The strategic plan should have fully actionable targets for a specified timeline, be it 12 months, three or five years. They are:
A strategic plan can help them to identify opportunities for growth which will result in an agreed set of strategic objectives. Critical to achieving the success planned for, is a tight and concise implementation programme which should have fully actionable targets for a specified timeline, be it 12 months or three or five years. As part of the figuring out bit it is essential you work out the right business model for you and your business.
Here are five sample strategic objective headings of how some companies set about boosting their growth:
1. Develop a marketing plan with a view to increasing turnover
- Companies typically increase market share through strengthening customer relationships, innovation, skilled & experienced workforce and acquiring competitors.
- Do you understand what your customers want and need, so you can focus your business on customer drivers to gain and keep the customers you actually want. Are your growth plans focused upon customer retention, increasing customer average-spend and gaining your target customers.

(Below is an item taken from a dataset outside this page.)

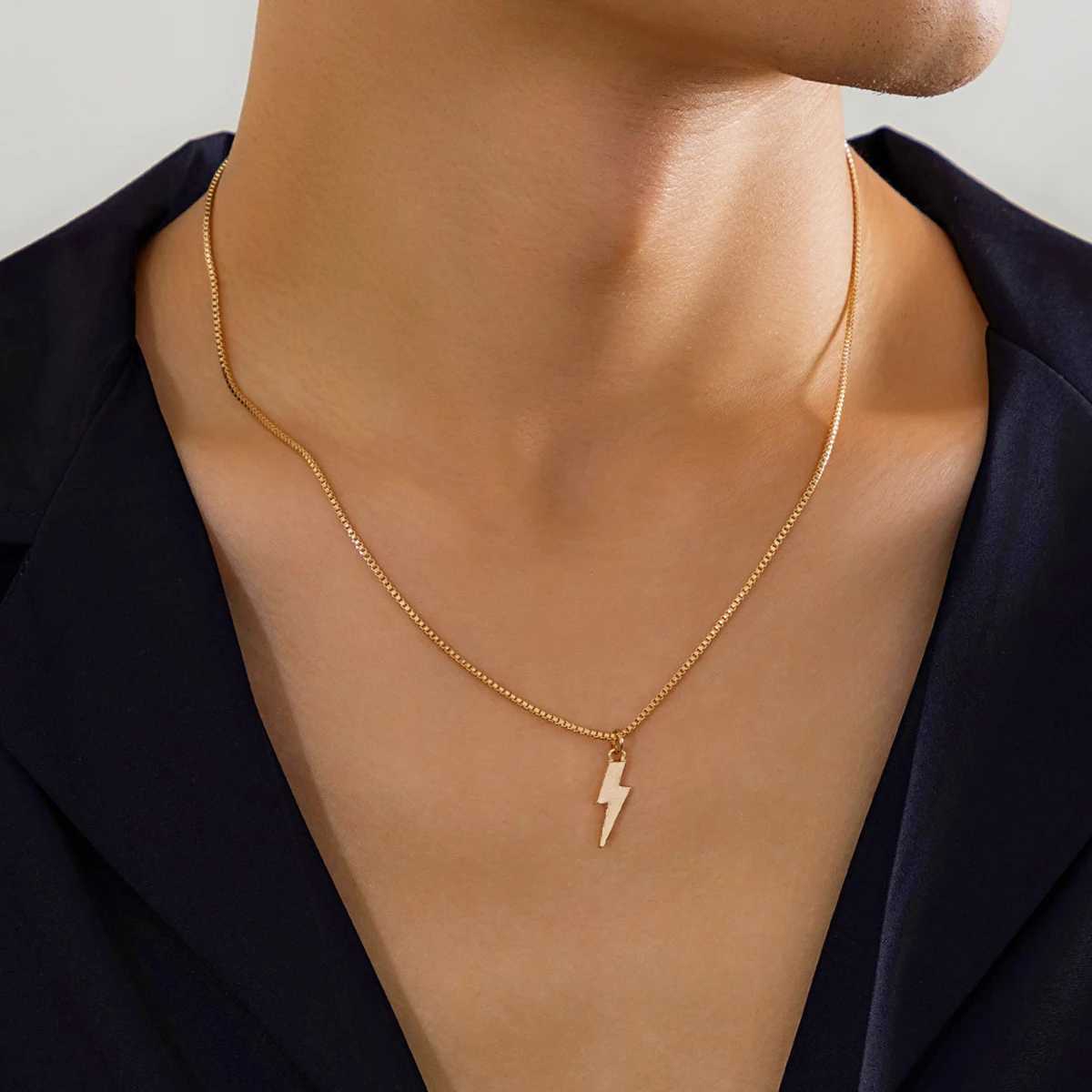 Srcon Punk Simple Box Chain Short Necklace Fashion Aesthetics Metal Lightning Pendant Necklace Mens Statement Jewelry GiftC250407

- Customer surveys are a powerful way of interacting with customers to find how you can improve your service and product offering.

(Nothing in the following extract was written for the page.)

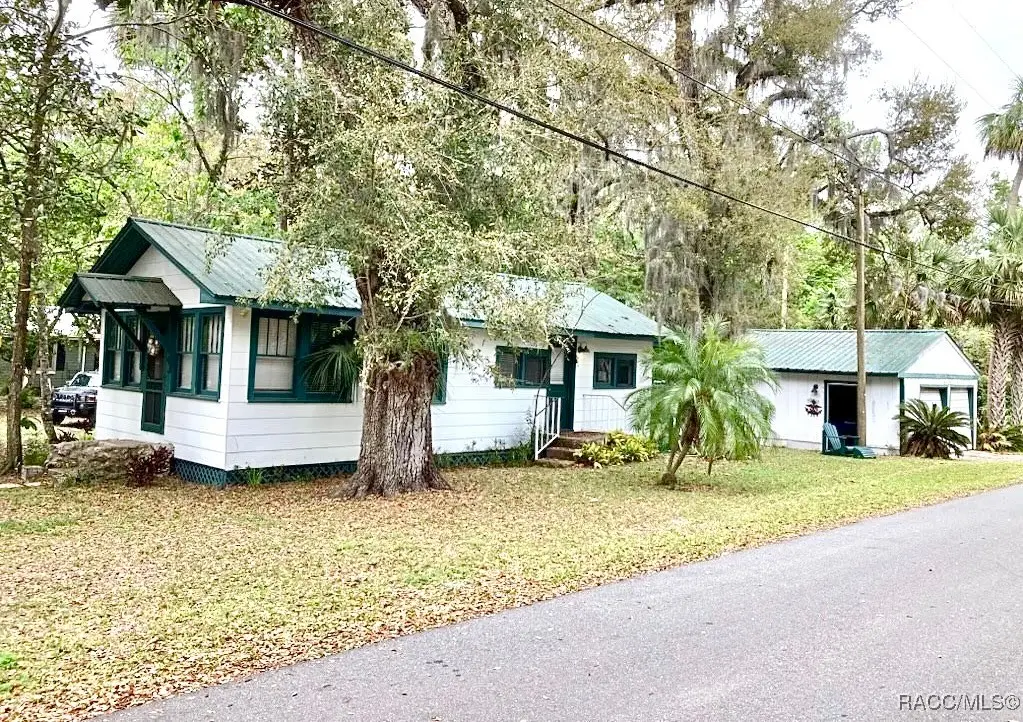 4 61st Street, Yankeetown, FL 34498 - Image #1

- Many businesses achieve 80% of sales revenue from 20% of their customers. For an immediate bounce in sales why not concentrate on selling additional products and services to the top 20%, this could have immediate upside on the bottom line.
2. Identify an acquisition target
- It is normal that public limited companies, large companies and multi-nationals achieve growth through acquisition. Just because your small doesn’t say you can’t look at acquisitions to. It is possible to fund acquisitions through structured finance, leveraging the target company’s own assets be it asset finance, invoice discounting, contract finance, stocking loans, bank finance or a combination of all.
- Acquisition programmes are something that should be planned well in advance with experienced professional advisors. It could take a few years to identify a suitable target. The acquisition process can be time consuming and disruptive so it’s essential your own business is stable and working efficiently.
3. Implement programme for staff training and performance improvement
- Does your business have a great team culture where people are rewarded for success and are clear on their authority and responsibilities.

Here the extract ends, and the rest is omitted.